Anche gli interni custodivano fino al secolo scorso testimonianze del tardo Quattrocento: dalle sale del piano nobile proviene infatti una serie di novantotto tavolette da soffitto, dipinte a tempera con busti maschili e femminili e motivi araldici, venduta nel 1947 e attualmente esposta nel Museo Poldi Pezzoli di Milano.

San Bernardino in città

La chiesa di San Bernardino in città fu edificata a partire dal 1518, nelle immediate adiacenze della piazza del Duomo, in sostituzione di un più antico convento dei Minori Osservanti situato fuori dalle mura, distrutto nel 1514 durante le guerre tra il Ducato di Milano e la Serenissima Repubblica di Venezia. La chiesa, già conclusa nel 1534, ha impianto a navata unica voltata, affiancata da cappelle, secondo una tipologia diffusasi in area lombarda nel corso della seconda metà del Quattrocento e nel primo Cinquecento, sebbene sia oggi difficile immaginare i dettagli architettonici originari dell’alzato, ridecorato in epoca posteriore. I casi come quello di Crema, ove troviamo volte a crociera sia sulla navata sia sulle cappelle, anziché volte a botte, sembrano rappresentare una commistione di culture tra i tradizionali semplici impianti ad archi trasversi, le tendenze antiquarie e l’ormai assai lontana eco di esperienze come Santa Maria presso San Satiro di Bramante a Milano e Sant’Andrea a Mantova di Leon Battista Alberti. All’interno si segnala sopra l’arco trionfale il dipinto raffigurante l’Annunciazione realizzato attorno al 1520 da Vincenzo Civerchio (Crema, 1470 circa – 1544 circa), molto ridipinto alla fine dell’Ottocento dallo scenografo Luigi Manini (Crema, 1848 – Brescia, 1936).

Santa Maria della Croce

L’origine del santuario fuori dalle mura della città si deve all’apparizione della Vergine a Caterina degli Uberti. Nell’aprile del 1490, sul far della sera, la giovane cremasca stava percorrendo la strada per Bergamo con il marito Bartolomeo Contaglio originario di quella città, quando l’uomo la aggredì con una spada lasciandola agonizzante in un bosco ai margini della strada. La donna invoco il soccorso della Madonna per non morire senza aver ricevuto i sacramenti. La Vergine, apparsa a Caterina, esaudì la sua richiesta permettendo che fosse soccorsa. Il mattino seguente la giovane fu portata in Crema dove morì dopo aver ricevuto da un sacerdote il conforto dei sacramenti. Sul luogo dell’apparizione, oggi ricompreso nella cripta, avvenne poi nel giorno di Santa Croce (3 maggio) il primo dei molti miracoli attestati.

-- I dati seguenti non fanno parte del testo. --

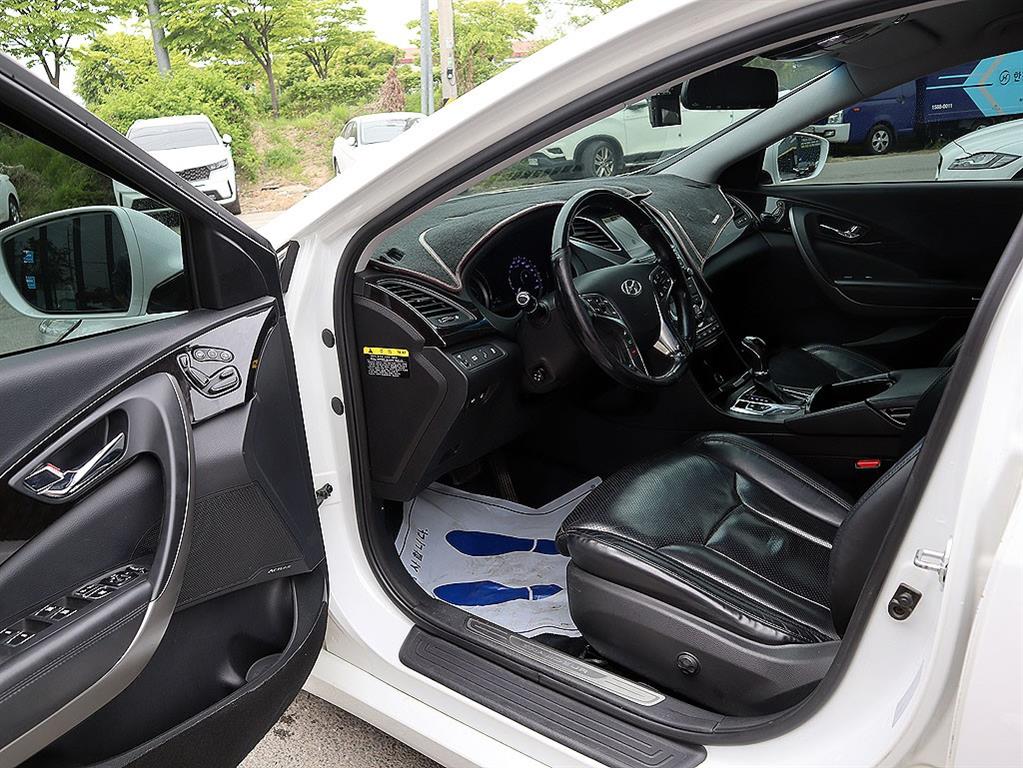 HYUNDAI Grandeur - Vista 11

Nell’agosto del 1490 fu avviata la costruzione dell’edificio, patrocinata dalle istituzioni cittadine. Il progetto fu affidato a Giovanni Battagio, già attivo presso l’Incoronata di Lodi e Santa Maria della Passione a Milano. Il nucleo centrale dell’edificio è di pianta ottagonale e si sviluppa in altezza mostrando l’uso del cosiddetto partito alla romana, ossia di semicolonne trabeate che inquadrano archi su pilastri, al quale si somma un secondo livello finestrato con bifore affiancate da colonne a candelabra e la volta a padiglione. Tutti i lati dell’ottagono sono sfondati da cappelle, che sugli assi ortogonali si configurano come ulteriori corpi centralizzati cruciformi aggregati al nucleo centrale e nettamente individuabili anche all’esterno. L’edificio, assai moderno per l’epoca, colpisce anche la fantasia di Leonardo, che disegna una chiesa di impianto simile nel Codice Atlantico (f. 547v). All’interno si segnalano il rilievo in terracotta raffigurante la Madonna col Bambino, replica seriale di una scultura in marmo attribuita ad Antonio Rossellino (Settignano, 1427/28 – Firenze, 1479/80) conservata all’Ermitage di San Pietroburgo e la pala dell’altar maggiore raffigurante l’Assunzione della Vergine, opera di Benedetto Diana (Venezia, 1460 – Venezia, 1525), databile attorno al 1501.